Collected data
——————

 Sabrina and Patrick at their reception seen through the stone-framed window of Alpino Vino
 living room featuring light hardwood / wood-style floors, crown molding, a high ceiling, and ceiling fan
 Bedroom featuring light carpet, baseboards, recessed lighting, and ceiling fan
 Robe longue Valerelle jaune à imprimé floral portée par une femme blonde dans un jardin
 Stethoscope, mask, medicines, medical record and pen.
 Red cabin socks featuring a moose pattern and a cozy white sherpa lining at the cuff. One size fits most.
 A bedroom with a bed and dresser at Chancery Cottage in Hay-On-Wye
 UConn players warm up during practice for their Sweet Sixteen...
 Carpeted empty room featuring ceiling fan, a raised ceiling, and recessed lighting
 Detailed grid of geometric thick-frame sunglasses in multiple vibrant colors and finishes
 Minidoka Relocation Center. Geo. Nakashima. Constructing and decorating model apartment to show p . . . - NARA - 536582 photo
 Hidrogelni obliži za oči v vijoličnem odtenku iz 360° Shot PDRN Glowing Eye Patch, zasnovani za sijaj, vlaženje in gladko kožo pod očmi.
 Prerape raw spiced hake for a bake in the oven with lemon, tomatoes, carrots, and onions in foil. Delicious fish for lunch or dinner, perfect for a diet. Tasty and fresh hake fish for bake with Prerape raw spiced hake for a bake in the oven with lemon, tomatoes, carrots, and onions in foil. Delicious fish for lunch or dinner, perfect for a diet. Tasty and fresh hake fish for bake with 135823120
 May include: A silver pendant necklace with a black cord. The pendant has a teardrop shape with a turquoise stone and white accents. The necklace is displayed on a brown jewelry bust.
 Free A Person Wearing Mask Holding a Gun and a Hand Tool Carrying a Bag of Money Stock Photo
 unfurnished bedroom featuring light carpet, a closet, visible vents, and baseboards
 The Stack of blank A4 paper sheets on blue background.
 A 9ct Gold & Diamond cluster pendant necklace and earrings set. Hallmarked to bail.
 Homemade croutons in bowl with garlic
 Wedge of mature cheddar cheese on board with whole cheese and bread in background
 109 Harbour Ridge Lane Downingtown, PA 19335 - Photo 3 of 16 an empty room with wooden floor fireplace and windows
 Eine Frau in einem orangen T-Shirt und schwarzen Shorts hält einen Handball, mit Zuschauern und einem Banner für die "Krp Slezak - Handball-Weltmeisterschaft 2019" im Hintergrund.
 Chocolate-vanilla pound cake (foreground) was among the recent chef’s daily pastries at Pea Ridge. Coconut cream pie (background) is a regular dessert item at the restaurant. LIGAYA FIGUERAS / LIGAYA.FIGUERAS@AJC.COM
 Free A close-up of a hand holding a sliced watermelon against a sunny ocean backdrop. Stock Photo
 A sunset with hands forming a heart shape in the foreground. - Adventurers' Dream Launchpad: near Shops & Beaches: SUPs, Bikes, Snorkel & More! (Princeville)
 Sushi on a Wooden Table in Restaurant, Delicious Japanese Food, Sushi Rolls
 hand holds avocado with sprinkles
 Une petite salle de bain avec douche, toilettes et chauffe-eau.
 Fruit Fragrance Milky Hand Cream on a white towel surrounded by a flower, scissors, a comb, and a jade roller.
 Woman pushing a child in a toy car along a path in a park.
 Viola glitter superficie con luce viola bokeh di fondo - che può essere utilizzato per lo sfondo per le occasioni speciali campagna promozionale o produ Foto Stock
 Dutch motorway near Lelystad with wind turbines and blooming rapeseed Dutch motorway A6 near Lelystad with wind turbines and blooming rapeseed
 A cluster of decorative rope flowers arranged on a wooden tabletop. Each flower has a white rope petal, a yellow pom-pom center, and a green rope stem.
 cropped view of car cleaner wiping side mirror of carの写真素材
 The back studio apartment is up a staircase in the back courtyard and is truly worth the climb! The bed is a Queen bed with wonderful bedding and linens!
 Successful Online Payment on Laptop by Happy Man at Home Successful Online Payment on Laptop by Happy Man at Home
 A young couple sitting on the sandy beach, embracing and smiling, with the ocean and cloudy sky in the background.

——————

### What to work on
Quote exactly the first line of the data and every line after it through the one holding "Bedroom featuring light carpet, baseboards, recessed".

### Task output
 Sabrina and Patrick at their reception seen through the stone-framed window of Alpino Vino
 living room featuring light hardwood / wood-style floors, crown molding, a high ceiling, and ceiling fan
 Bedroom featuring light carpet, baseboards, recessed lighting, and ceiling fan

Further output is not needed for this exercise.